まったなし(畠中恵)

「まんまこと」シリーズ5作目。

いつの間にやら某国営放送でドラマ化されててビックリ。ま、私は観てないんですけどね~。原作好きな方にとってはどうだったのかな。観てないながらも、ちょっとは気になるワタクシであります(笑)

今回は麻之助の友人のひとり町名主の清十郎の嫁取り話。最初の1編だけかと思いきや、まるまる1冊を使っての嫁取り話でした。これがまぁ、なかなか相手が決まらない!読みながらイライ・・・やきもきしちゃいましたよ!もうホントにね。このまま決まらなかったらどうしようと思っていたら、最後の最後にようやく決まってホッとしました。お相手は彼女だろうと予想してた人で、2重に嬉しくなっちゃいました。
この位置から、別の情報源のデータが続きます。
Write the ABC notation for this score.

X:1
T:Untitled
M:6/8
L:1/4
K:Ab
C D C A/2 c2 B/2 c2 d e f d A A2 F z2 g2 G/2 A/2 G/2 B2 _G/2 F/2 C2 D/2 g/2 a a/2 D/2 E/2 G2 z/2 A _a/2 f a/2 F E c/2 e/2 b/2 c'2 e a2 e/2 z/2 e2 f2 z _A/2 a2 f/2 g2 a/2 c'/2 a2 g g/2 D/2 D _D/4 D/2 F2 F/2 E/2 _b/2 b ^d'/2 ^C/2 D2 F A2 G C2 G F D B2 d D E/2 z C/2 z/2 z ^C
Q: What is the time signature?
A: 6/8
と、嬉しいエピソードもあったものの、お由有のことはちょっとビックリというかね、読んでて辛かったです。妊娠の真相がまさかそんなことだったとは・・・。現代だったら、もっと違った結末を迎えることが出来ただろうに、あの時代はそういう訳にはいかなかったんでしょうね。お由有が本当に可哀想で・・・。そして、知らないうちに巻き込まれていた麻之助も可哀想というか何というか・・・。二人のことを思うと堪らない気持ちになります。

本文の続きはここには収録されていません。